━━━ Data for this task ━━━

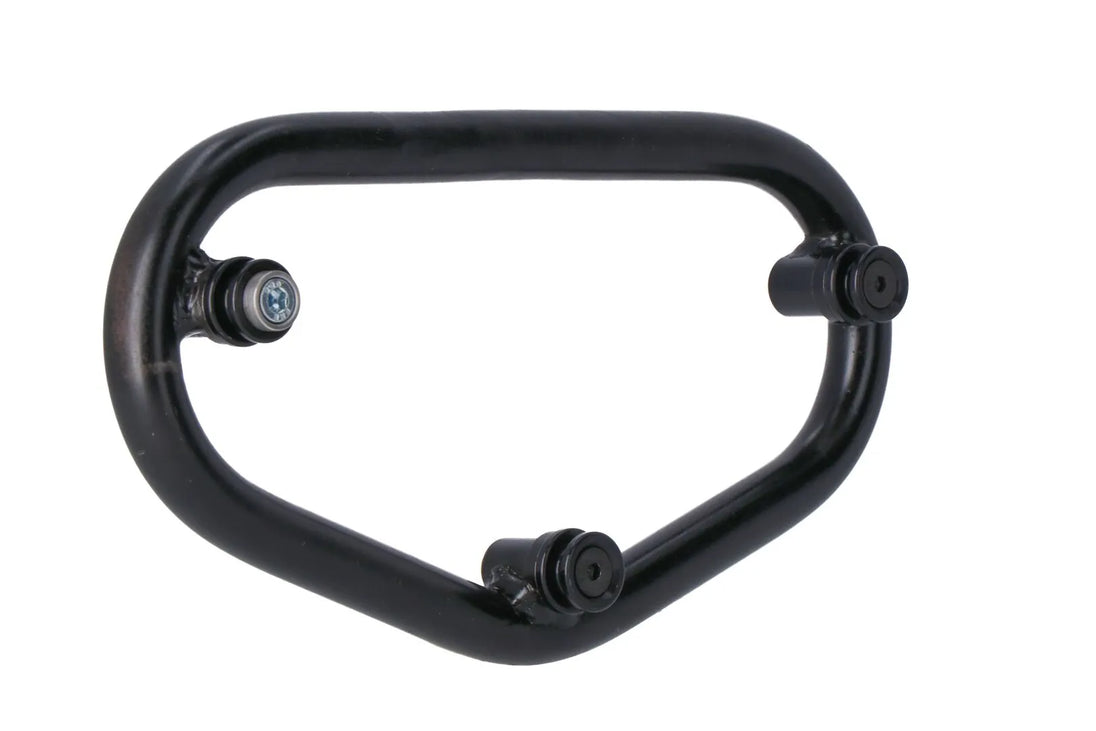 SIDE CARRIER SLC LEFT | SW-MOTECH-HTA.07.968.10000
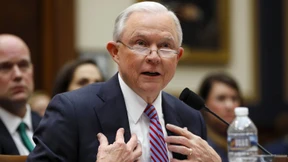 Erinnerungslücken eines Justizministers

━━━
━━━ Data for this task ━━━

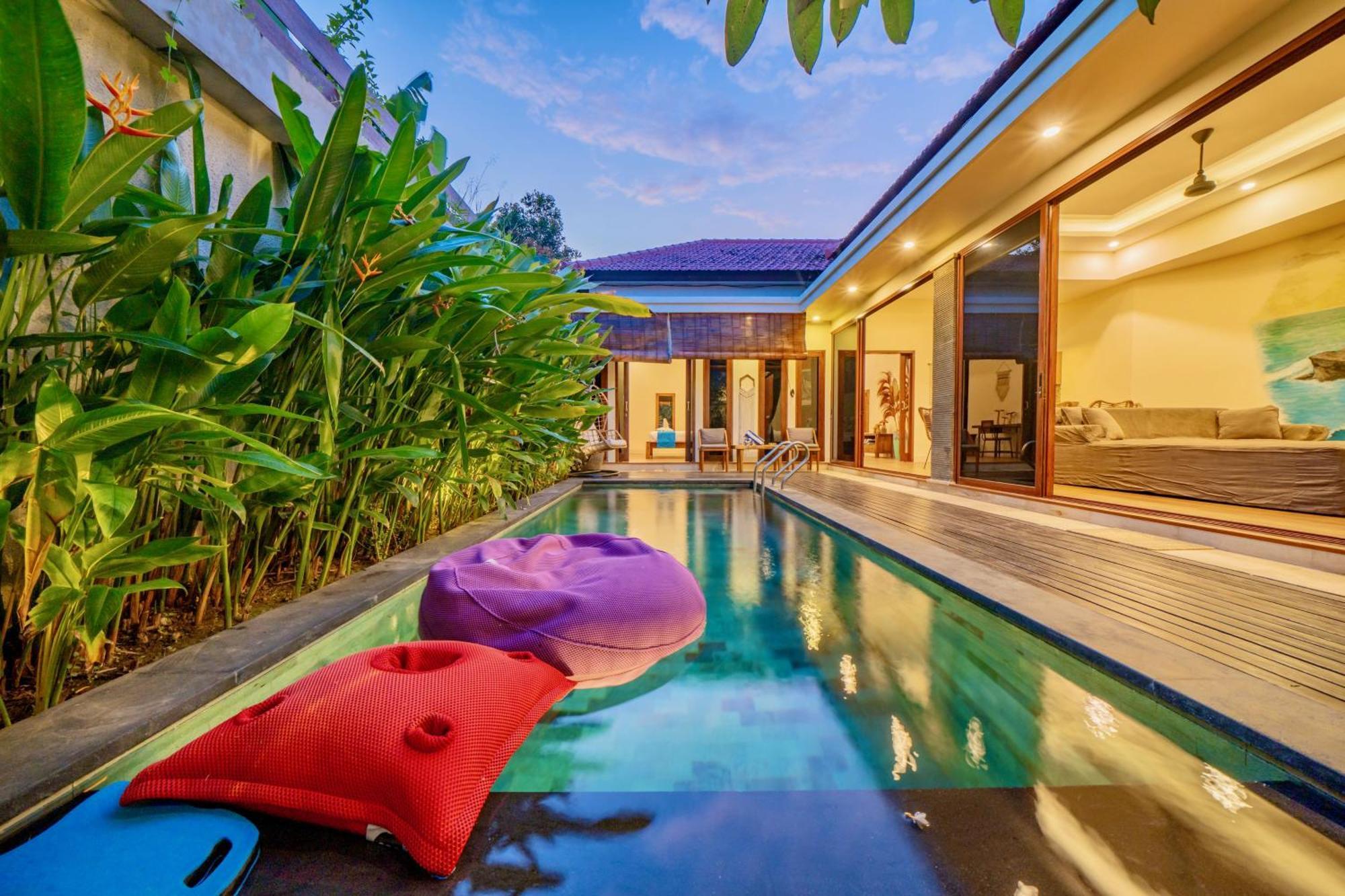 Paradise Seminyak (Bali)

━━━
━━━ Data for this task ━━━

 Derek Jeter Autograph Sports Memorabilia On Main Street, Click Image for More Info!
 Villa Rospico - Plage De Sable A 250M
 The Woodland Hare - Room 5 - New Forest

━━━

* [Work request] The lines above from the one containing "Villa Rospico - Plage De Sable A 250M" through the one containing "The Woodland Hare - Room 5 - New Forest" are to be set down exactly, and no others.

* [Solution for this problem]
 Villa Rospico - Plage De Sable A 250M
 The Woodland Hare - Room 5 - New Forest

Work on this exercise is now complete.